Being bold—or simply honest—enough to stop ignoring the United States’ security issue domestically will also prompt a reckoning with our foreign policy, starting with our role in gun violence abroad. 

Over half of the world’s gun-related deaths come from six countries that make up less than ten percent of the world’s population: Brazil, the United States, Mexico, Colombia, Venezuela and Guatemala. The United States has played a key role in providing weapons and sustaining the organized drug trade that accounts for overwhelming amounts of illegal gun use in these countries. Our lax gun laws allow American firepower to fuel the disproportionate gun violence terrorizing parts of Central America. Seventy percent of firearms seized in Mexico and twenty-nine percent seized in Guatemala originated in the United States. Close behind the priority of American citizens’ security should be Biden’s own foreign policy promise to advance human rights and restore “moral leadership.” Stopping the steady flow of U.S. weapons to drug cartels in Central America would be a good place to start.

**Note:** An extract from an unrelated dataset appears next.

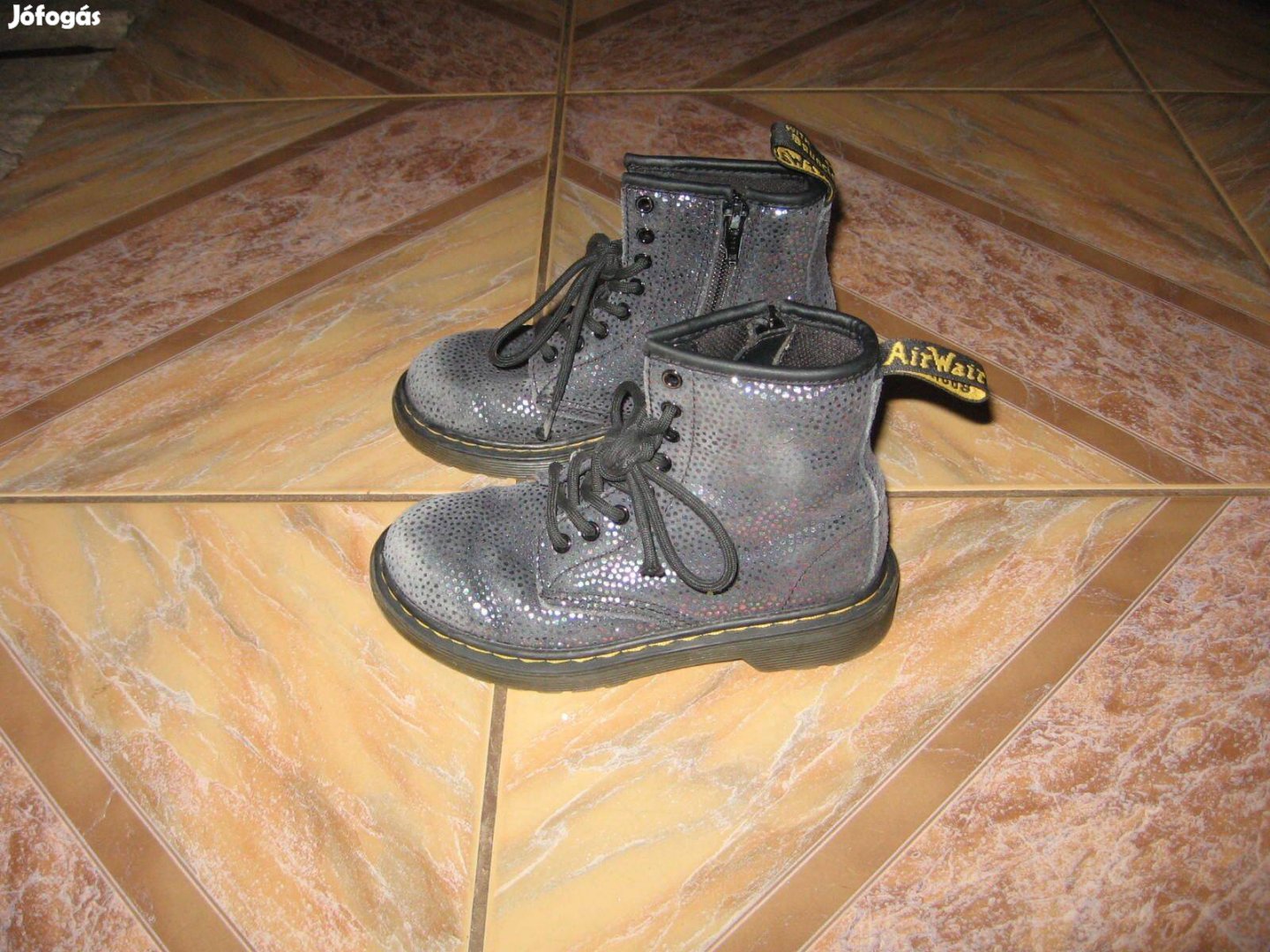 Dr Martens bakancs 29-es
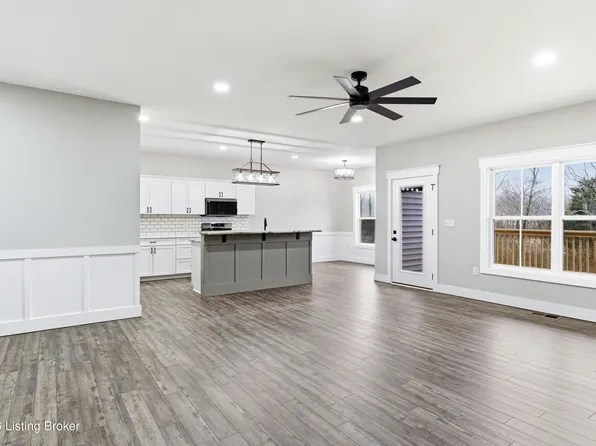 3054 Barlows Brook Rd, Shelbyville, KY 40065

America’s failure to prioritize real safety for its citizens at home and people abroad is unsurprising but unacceptable. If the hundreds of Americans lost to gun violence each day were killed by any other preventable threat, or by some scapegoat-able foreign entity, there would be no delay in acting. Somehow, when the threat comes from within, we sit idly by while eight-year-olds get retraumatized while experiencing their second shooting. How many more will we let them endure?

 

Sofia Hines is a member of the Center for International Policy’s Summer 2021 Development and Communications Team.